Foto: Reprodução/ Mídia Ninja
O Brasil ainda não convulsionou, porém entrou em ebulição social desde a última sexta-feira (8), quando o ex-presidente Luiz Inácio Lula da Silva deixou o cárcere na Superintendência da Polícia Federal em Curitiba. É mais um episódio incomum do roteiro surreal que se tornou o Brasil pós-2018. Lula e sua oratória disparou petardos contra adversários e já reiniciou o projeto político que levou o PT ao poder em 2002. Com uma retórica incisiva, o ex-presidente mostrou que a prisão o fez abandonar o "Lulinha paz e amor", de quando chegou ao Planalto há 18 anos, retomando o padrão de guerrilha discursiva que o acompanhou em quatro derrotas na corrida presidencial.
Há algum tempo escrevi que o lulismo e o recente bolsonarismo, criado e alimentado pela figura do presidente Jair Bolsonaro, são partes diametralmente opostas, mas que se retroalimentam.

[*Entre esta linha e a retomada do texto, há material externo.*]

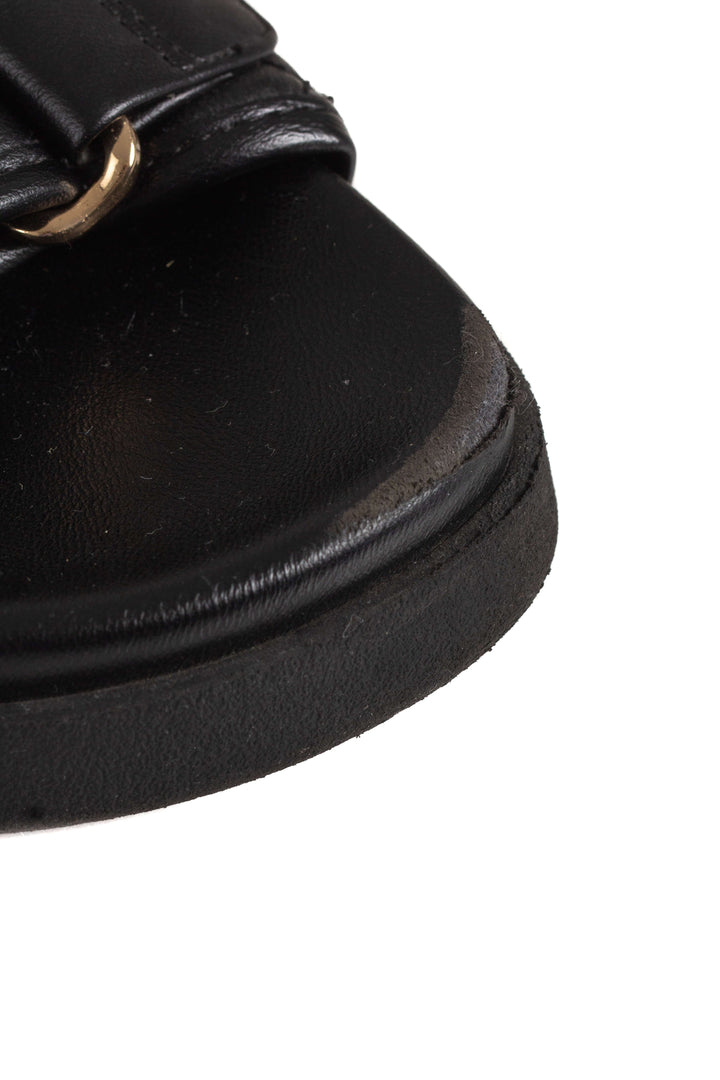 Zapato Exé, detalle 10 – ClosetRehab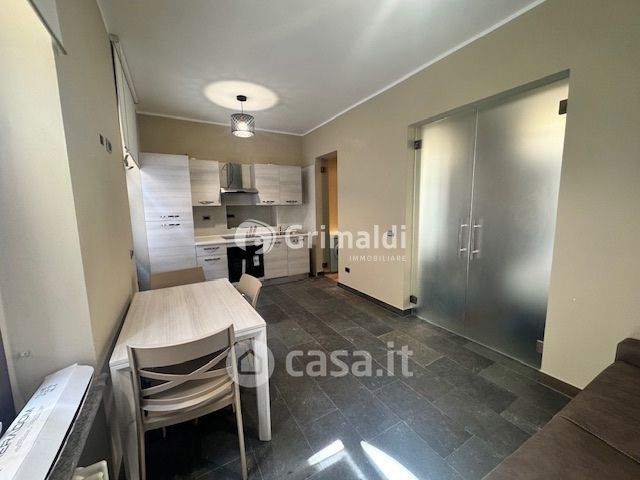 Appartamento in Centro, foto 2 di 18
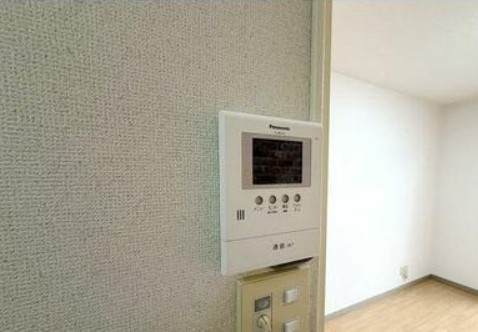 TOP与野第3のセキュリティ|別部屋参照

É o que deve acontecer a partir de agora com a perda do hit "Lula livre". Enquanto o ex-presidente vai partir para o embate direto com Bolsonaro e companhia, dando à militância de esquerda o que ela tanto almeja, Bolsonaro fará o mesmo terrorismo ideológico que o fez chefe do Executivo. Para Lula, Bolsonaro é o adversário ideal - e para Bolsonaro, Lula é o adversário ideal. São dois monstros do ponto de vista político que irão passar por ciclos de Prometeu, que perdia diariamente seu fígado para uma águia para tê-lo regenerado no dia seguinte.
Lula foi, nessa primeira fase de liberdade, extremamente colérico. Falou direcionado à sua militância e iniciou conversas com os descontentes com os rumos adotados pelo Brasil nesses primeiros meses de gestão bolsonarista. É provável que, extravasada a raiva acumulada ao longo de 580 dias numa cela, o ex-presidente adote uma postura mais amena. O petista sabe que precisa capitalizar a oposição a Bolsonaro para viabilizar o projeto de poder que o motiva, mesmo que eventualmente ele seja um cabo eleitoral ao invés de candidato - a Lei da Ficha Limpa ainda o impede de estar nas urnas.

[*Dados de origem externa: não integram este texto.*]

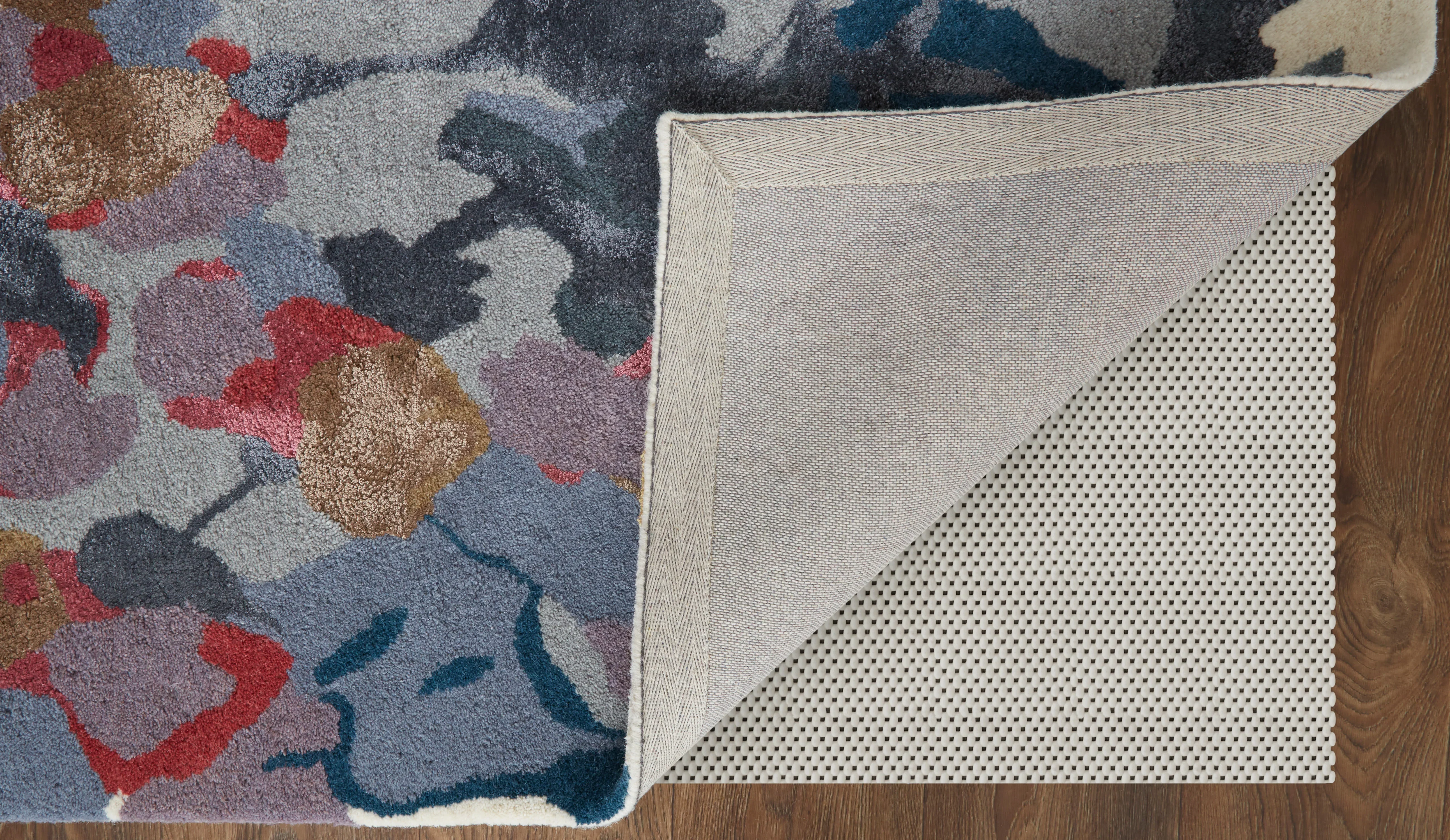 Dafney Transitional Floral & Botanical - Image 3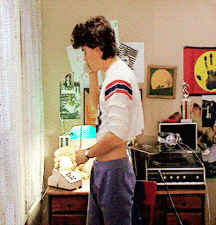 Billy's Hot Picks 530 Gifs 57eea7c7281ee.gif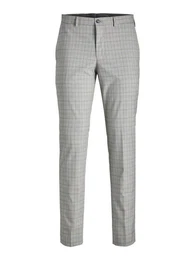 Bgelfaltenhose Solaris (1-tlg)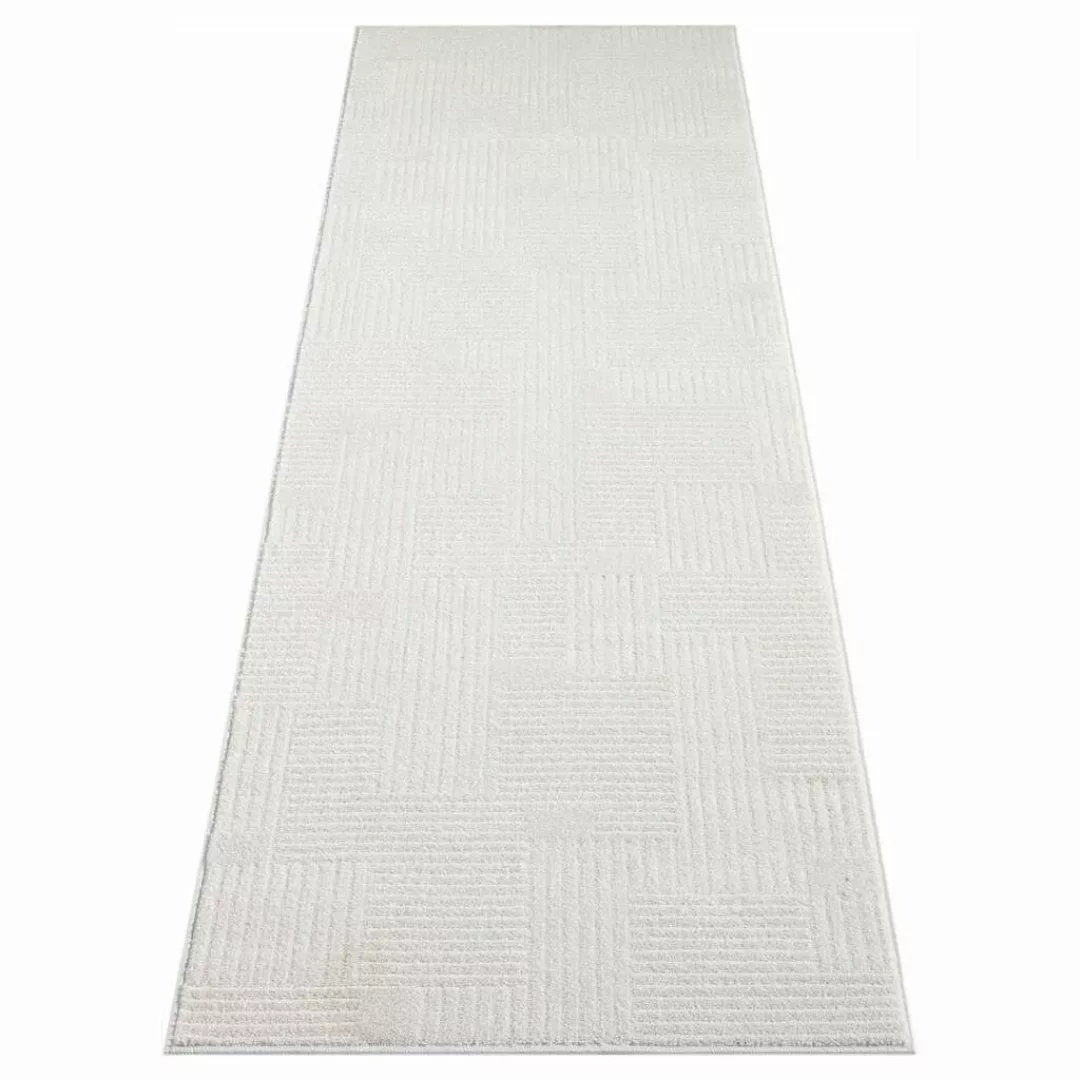 Carpet City Teppich FLAIR177, rechteckig, Höhe: günstig online kaufen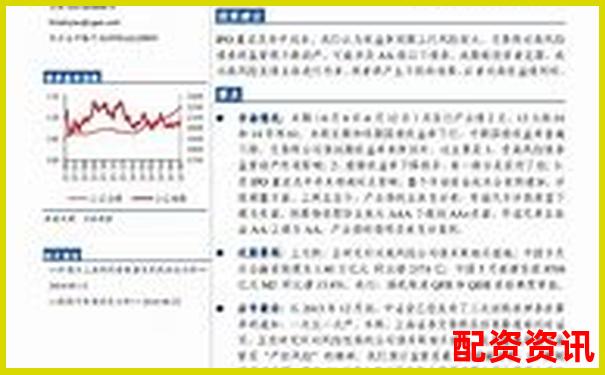 債券回購杠桿率監管上限設定與風險控制研究-合約杠桿倍數怎么計算收益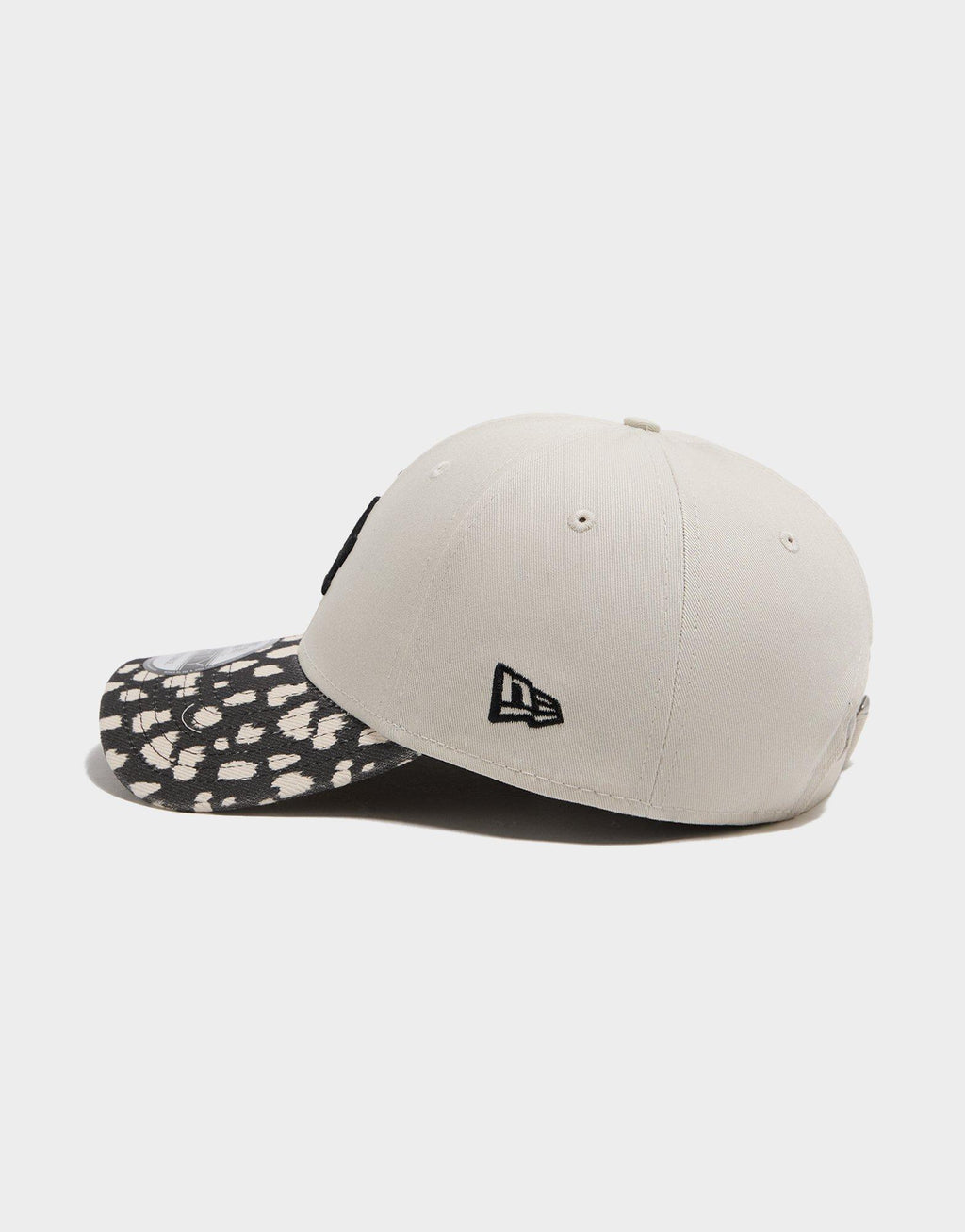 MLB LA Dodgers 9FORTY Bambi Cap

Com o fim do Lula livre, o PT também precisará organizar um novo mote para suas campanhas políticas. Desde que Dilma Rousseff começou a ser apeada do poder, o petismo alicerçou seus embates em slogans que, de alguma forma, são fáceis de comunicar. Agora, até que haja um novo, haverá um período de regorjizo, para "curtir" essa vitória simbólica da saída do ex-presidente da prisão. Se a ideia for acelerar a tentativa de desgaste de Bolsonaro, esse tempo será mais curto, mesmo para que não haja tempo de reorganização da tônica bolsonarista. Uma aposta seria tentar viabilizar a elegibilidade de Lula, já que virtualmente o petista não pode ser candidato até 2026, oito anos após a condenação por órgão colegiado.

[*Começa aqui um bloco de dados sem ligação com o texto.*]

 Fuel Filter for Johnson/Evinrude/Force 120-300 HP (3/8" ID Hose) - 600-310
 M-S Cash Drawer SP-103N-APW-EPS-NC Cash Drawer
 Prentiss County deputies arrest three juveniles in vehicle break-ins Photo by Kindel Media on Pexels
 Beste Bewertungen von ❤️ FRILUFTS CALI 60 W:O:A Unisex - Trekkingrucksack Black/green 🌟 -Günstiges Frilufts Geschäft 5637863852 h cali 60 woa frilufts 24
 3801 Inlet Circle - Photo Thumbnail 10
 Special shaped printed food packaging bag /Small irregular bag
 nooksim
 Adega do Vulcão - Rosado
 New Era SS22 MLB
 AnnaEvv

Lembrando que, mesmo fora do cárcere, Lula não foi considerado inocente. Talvez por isso haja muita efusividade em criticar o algoz primaz, o ex-juiz Sérgio Moro. O atual ministro da Justiça e Segurança Pública é considerado o grande responsável pela prisão e pela inegibilidade do ex-presidente. Caso a suspeição de Moro em processos do petista seja confirmada pelo Supremo Tribunal Federal, não se enganem se houver um acirramento ainda maior dos ânimos. Aí será necessário manter a racionalidade para evitar que a guerra discursiva não mude de campo de batalha.
O problema é que, no Brasil atual, manter a serenidade é muito mais complexo do que deveria. Como fazer então? Ouvindo os diversos lados do problema e chegando a conclusões distantes da paixão que a política tem inspirado. Afinal, nem todo remédio controla facilmente uma crise convulsiva.